Hakikaten ‘ayıp yahu’
Fehmi Koru’nun Taha Kıvanç kimliğiyle yazdığı dünkü yazısı şu satırlarla başlıyordu: “Eskiden kadın-kız söz konusu oldu mu biraz daha az vahşiydi bizim medya. Şimdinin vahşet ortamında kimsenin kimseye merhameti yok, hele kadın-kız söz konusu olduğunda daha da vahşileşiyor ortam... Ayıp yahu...” Aylarca bir sürü askerin, yargı mensubunun eşleri ve kızlarının özel hayatlarını didikleyen, çarşaf çarşaf dedikodu yayan, Ümraniye ile başlayan bir dizi davaya konu iddianamelerden kadın gazetecilerin özel görüşmelerini alıp manşetlerine taşıyan yandaş medyadan, “kadına kıza merhamet” uyarısının gelmesi için, demek ki çıktıkları “hanut” turuna “taciz” gölgesi düşmesi gerekiyormuş. Hakikaten ayıp yahu; bunca ay susup kendi canı yanınca konuşmaya utanır insan....
* Fehmi Koru /Yenişafak

+++++

KISA... KISA...
/ Milliyet yazı işleri editörlerinden Umut Alphan, Yazı İşleri Müdürlüğüne getirildi.

/ Hürriyet Brüksel temsilcisi Zeynel Lüle, gazetenin yurt dışı yayınları müdürü ve Avrupa haberleri koordinatörü olmak üzere İstanbul’a dönüyor.
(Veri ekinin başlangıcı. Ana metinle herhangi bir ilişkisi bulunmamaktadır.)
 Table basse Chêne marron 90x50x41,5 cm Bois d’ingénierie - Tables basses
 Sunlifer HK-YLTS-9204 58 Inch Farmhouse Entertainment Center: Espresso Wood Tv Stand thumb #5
/ Eylül ayından itibaren Referans’la birleştirilen Radikal’in başına geçecek olan Eyüp Can ilk transferini Hürriyet’ten yaptı. Hürriyet Yurtdışı Yayınlar Müdürü Bülent Mumay, Radikal’in
Yayın Koordinatörü olacak.

+++++

MİNİ YORUM
Başbakanının gazetecisi

Bazı gazeteler, Yasemin Çongar’ın “Balyoz belgeleri”ni Başbakan’ın teşvikiyle yayınladıklarını söylediğine dair bir haber yaptı dün. Sözde “ağız birliği”ne pek alerjili bu ekip; Paşasının Başbakanı, Başbakanının Paşası saydırıp durdular akıllarınca.
Ne oldu şimdi Çongar, Başbakanının gazetecisi mi?